The social scientist Robert Putnam has this term I think about a lot — “generalized reciprocity.”
This is different from “specific reciprocity” which is like: “I’ll pay for lunch, and you’ll pay next time.” It’s capitalism or barter or exchange.
“Generalized reciprocity” is something else completely. We do things with no expectation of something coming back to us. We just give and receive because we can, because we know that it makes us stronger to be good to each other.
So when I’ve shovelled out four houses and my neighbour Rosa appears on her porch with a plate of warm potatoes and cabbage covered in foil, it feels both welcome and unnecessary.
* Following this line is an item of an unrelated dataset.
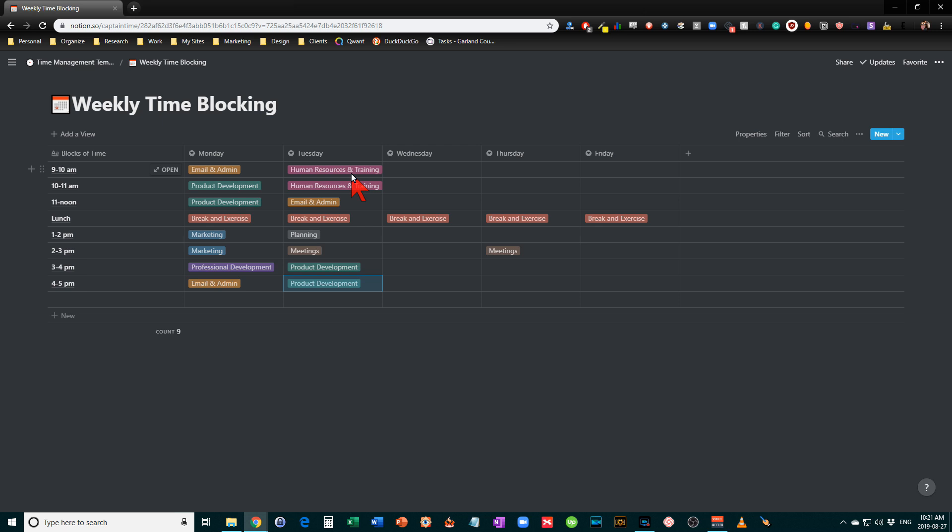It could be coaching your staff, analyzing their performances, helping with goal setting. It could be things such as helping them plan their career path.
I thank her profusely and carry it inside, the steam melting the ice off my eyelashes. Rosa’s potatoes are the world’s best.
Early Covid was the first time I saw generalized reciprocity happening in a big way. All those concerts on porches and offers to pick up prescriptions. It felt like a new life force was weaving through us… And in writing that, I don’t want to diminish the extreme pain and precarity of those months, but within that pain, so many of us found a doorway back to another way of being together.
A big dump of snow can give us a similar doorway.
This is how it feels to me when I’m in very supportive writing workshops. When each voice matters, and there’s no need for scarcity or competition. Vulnerability becomes easy, because we know we’re all in it together. We lift each other up because we know it helps us all.
Writing in the world today is its own kind of snow storm.
There is so much telling us we shouldn’t express ourselves tenderly and bravely. Again and again, we get snowed under with self-doubt and criticism. Again and again, we hide out inside where it’s warm and safe.
But we can shovel each other out. We can drop off warm food. We can lower the barriers, and lead each other back to our material.
These days I have a shovel, and enough back strength to do more than my share. I won’t always. But I hope I can always access the kind of kindness that opens that door. I hope I can always remember what it feels like to be in the flow of generous reciprocity. I hope I can keep building community from there, wherever I am.
It’s a really weird time in the world to talk about kindness.
I know.
The same day I was eating warm potatoes and feeling good about clearing sidewalks, I was also immobilized in bed watching videos of the violence on protesters.
Maybe these forces have always lived side by side — kindness and its adversaries. Maybe holding them in our hands together reminds us why making tiny spaces of reciprocity matters, no matter how local and liminal.
As adrienne maree brown says, “Small is good. Small is all.” I wish I could shovel away mass incarceration, the hard crust on so many politicians’ hearts, the hatred and violence that only seems to grow.
But today I can shovel sidewalks for all the elderly neighbours in my block. And a pathway is a pathway. A tiny start. A path forward. A way of moving a little more freely.